Task description: Set down exactly the lines below between the line holding "Dog Hair Is My Glitter Wavy Version T-Shirt" and the line holding "ADBG968 American Darling", inclusive; no other line belongs in the answer.

Input data:
= Beginning of Section =

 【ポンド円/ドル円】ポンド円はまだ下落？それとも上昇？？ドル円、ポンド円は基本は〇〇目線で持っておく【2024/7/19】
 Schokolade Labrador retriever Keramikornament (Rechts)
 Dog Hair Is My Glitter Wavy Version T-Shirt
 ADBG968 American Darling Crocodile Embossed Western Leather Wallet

= End of Section =
= Beginning of Section =

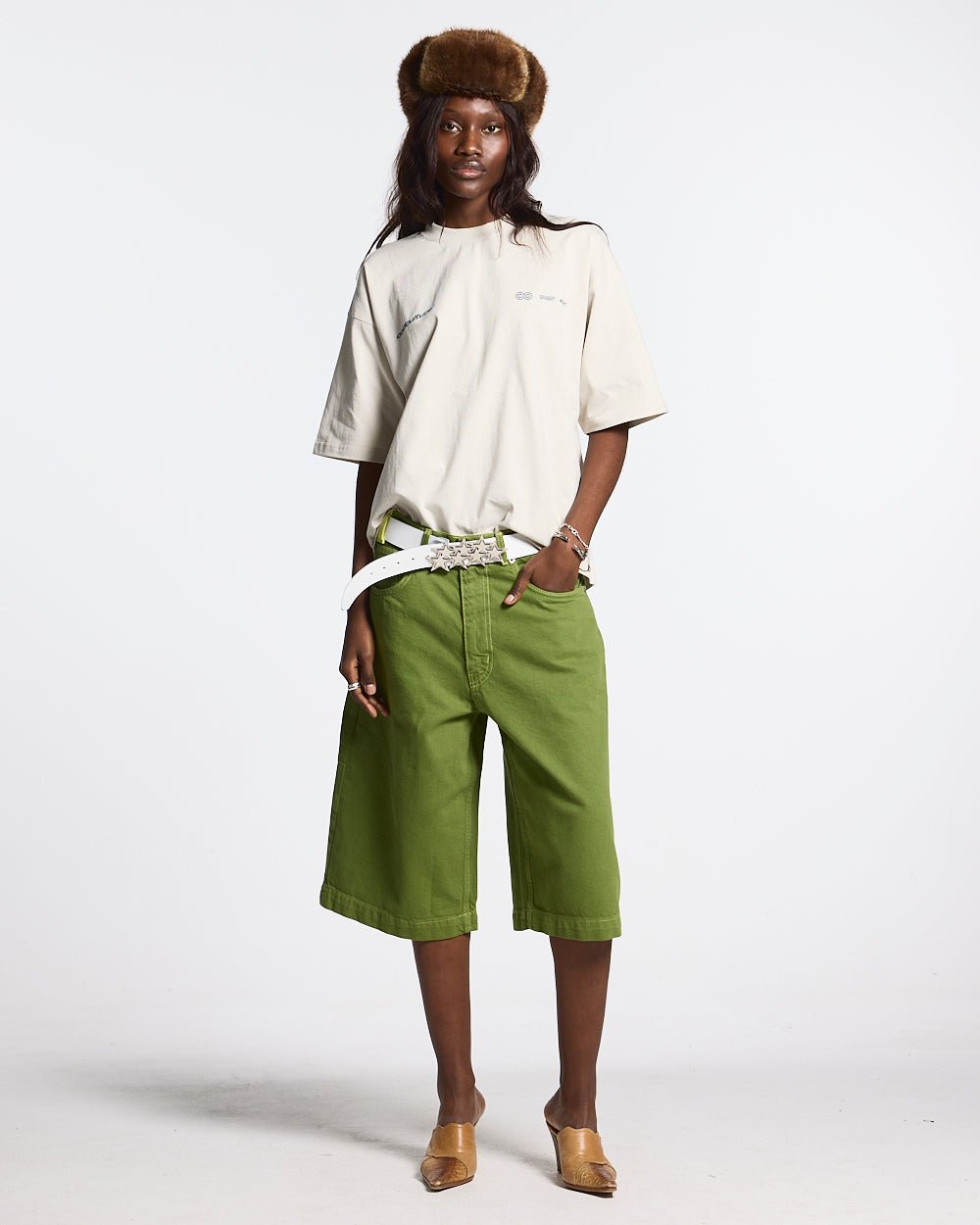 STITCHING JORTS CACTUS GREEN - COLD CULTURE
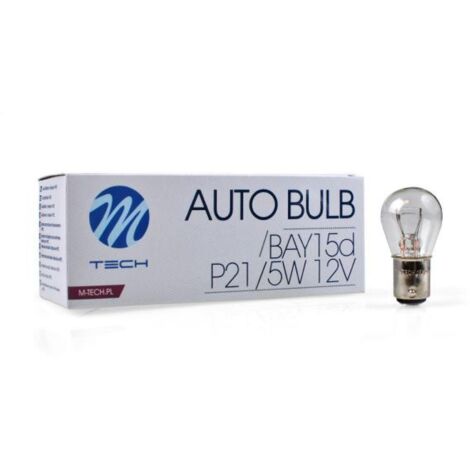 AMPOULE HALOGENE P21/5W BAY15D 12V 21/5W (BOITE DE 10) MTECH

= End of Section =
= Beginning of Section =

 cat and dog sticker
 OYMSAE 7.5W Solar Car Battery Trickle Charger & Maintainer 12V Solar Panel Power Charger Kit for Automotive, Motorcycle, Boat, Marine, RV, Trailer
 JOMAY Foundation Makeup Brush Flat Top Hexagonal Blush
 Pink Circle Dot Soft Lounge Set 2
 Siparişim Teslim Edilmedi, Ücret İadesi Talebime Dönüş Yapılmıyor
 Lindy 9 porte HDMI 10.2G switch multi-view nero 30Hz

= End of Section =

Completed task:
 Dog Hair Is My Glitter Wavy Version T-Shirt
 ADBG968 American Darling Crocodile Embossed Western Leather Wallet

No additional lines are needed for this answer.